*** Opening Supplied data ***

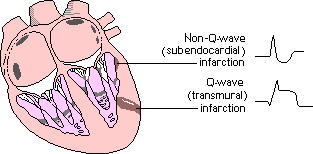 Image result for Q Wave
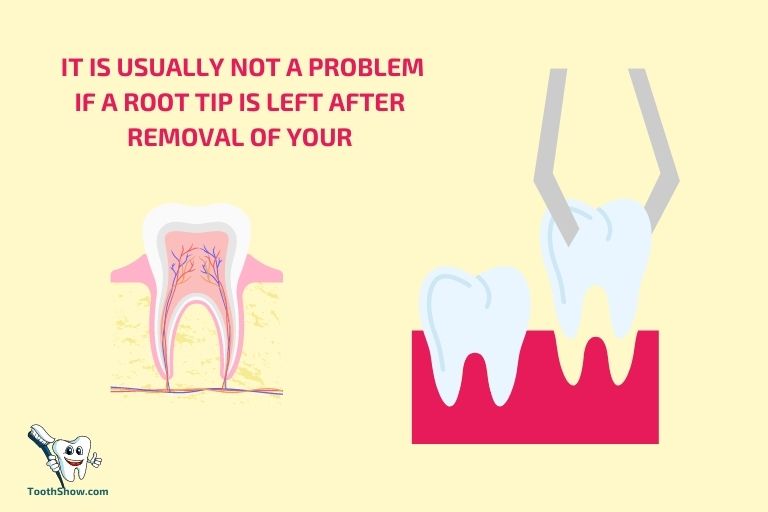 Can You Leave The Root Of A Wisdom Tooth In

*** Closing Supplied data ***
*** Opening Supplied data ***

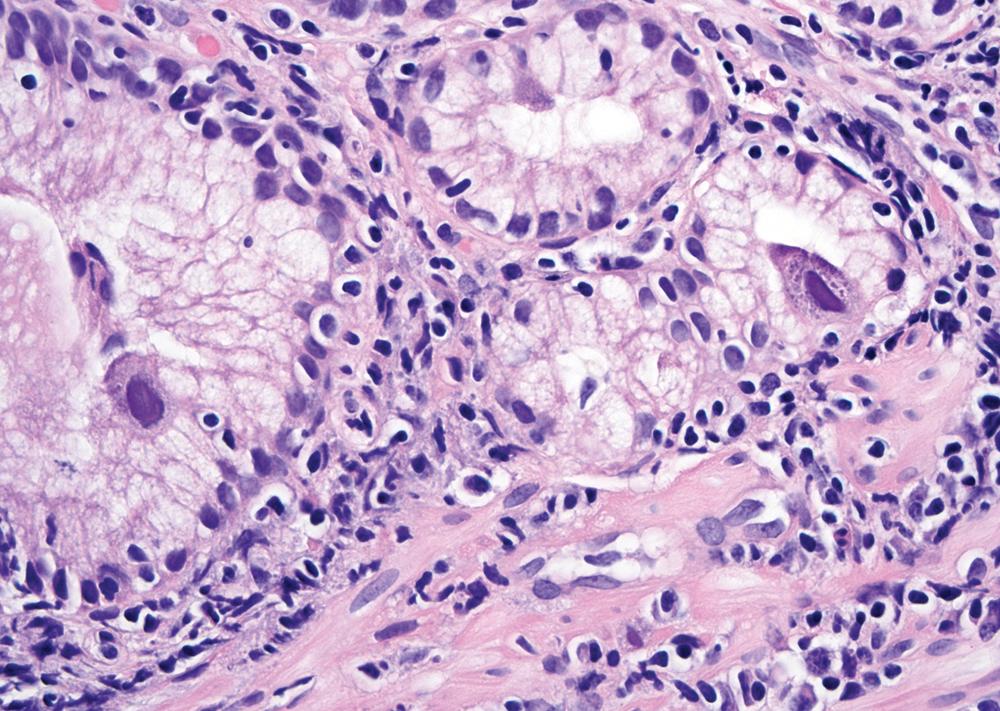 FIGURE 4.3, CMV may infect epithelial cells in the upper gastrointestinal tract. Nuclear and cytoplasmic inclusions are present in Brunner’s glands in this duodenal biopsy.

*** Closing Supplied data ***
*** Opening Supplied data ***

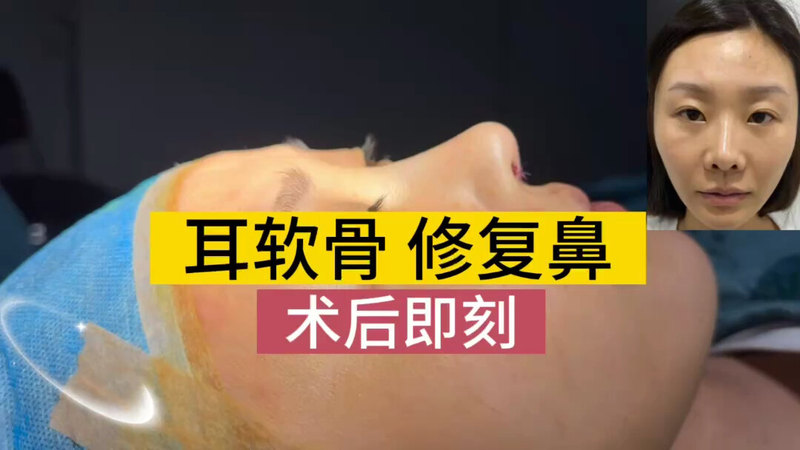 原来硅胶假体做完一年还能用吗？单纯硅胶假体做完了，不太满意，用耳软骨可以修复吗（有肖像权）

*** Closing Supplied data ***

What you need to do - The answer should consist only of the lines above from the one with "Image result for Q Wave" through the one with "Can You Leave The Root Of A Wisdom Tooth In", repeated exactly, with no pictures among them.

Answer to this task -
 Image result for Q Wave
 Can You Leave The Root Of A Wisdom Tooth In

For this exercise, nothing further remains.